CN113361591A

CN113361591A - Category imbalance processing method based on category combination and sample sampling

Info

Publication number: CN113361591A
Application number: CN202110620136.2A
Authority: CN
Inventors: 叶方全; 陈逸龙
Original assignee: Chongqing Pengkang Big Data Co ltd; Guangzhou Tianpeng Computer Technology Co ltd; Chongqing Nanpeng Artificial Intelligence Technology Research Institute Co ltd
Current assignee: Chongqing Pengkang Big Data Co ltd; Guangzhou Tianpeng Computer Technology Co ltd; Chongqing Nanpeng Artificial Intelligence Technology Research Institute Co ltd
Priority date: 2021-06-03
Filing date: 2021-06-03
Publication date: 2021-09-07

Abstract

The invention discloses a category imbalance processing method based on category combination and sample sampling, which comprises the following steps: s1: constructing an original data set; s2: a training process; s3: and (6) testing.

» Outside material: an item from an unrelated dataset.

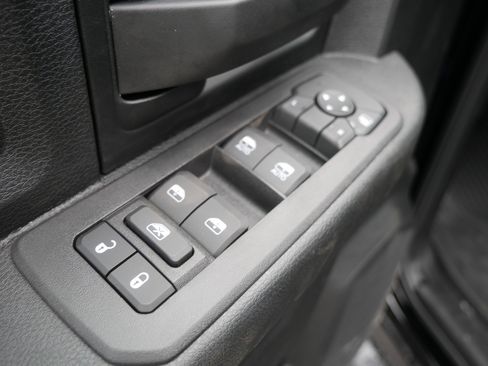 New 2026 RAM 3500 Tradesman image 7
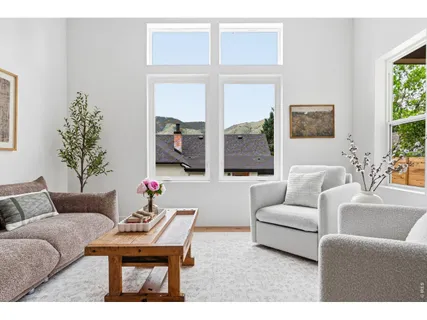 $895,000 | 1617 Ford Street, Unit A, Golden, CO 80401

The training mode of the method is to train a plurality of two classifiers and then combine the results of each two classifiers to obtain the final prediction result. Compared with a multi-classification method, the method is more flexible, and because each two classifiers are independent, different neural network models can be used, and even established rules can be considered.

Description

Category imbalance processing method based on category combination and sample sampling

Technical Field

The invention belongs to the technical field of computers, and particularly relates to a category imbalance processing method based on category combination and sample sampling.

Background

The problem of category imbalance is a very common problem in processing real data sets. The problem of category imbalance means that the number of samples in each category in a data set is different and the difference is large. Without any treatment for this problem, the prediction results of the trained model may be biased towards the classes with large data volumes, which is not desirable.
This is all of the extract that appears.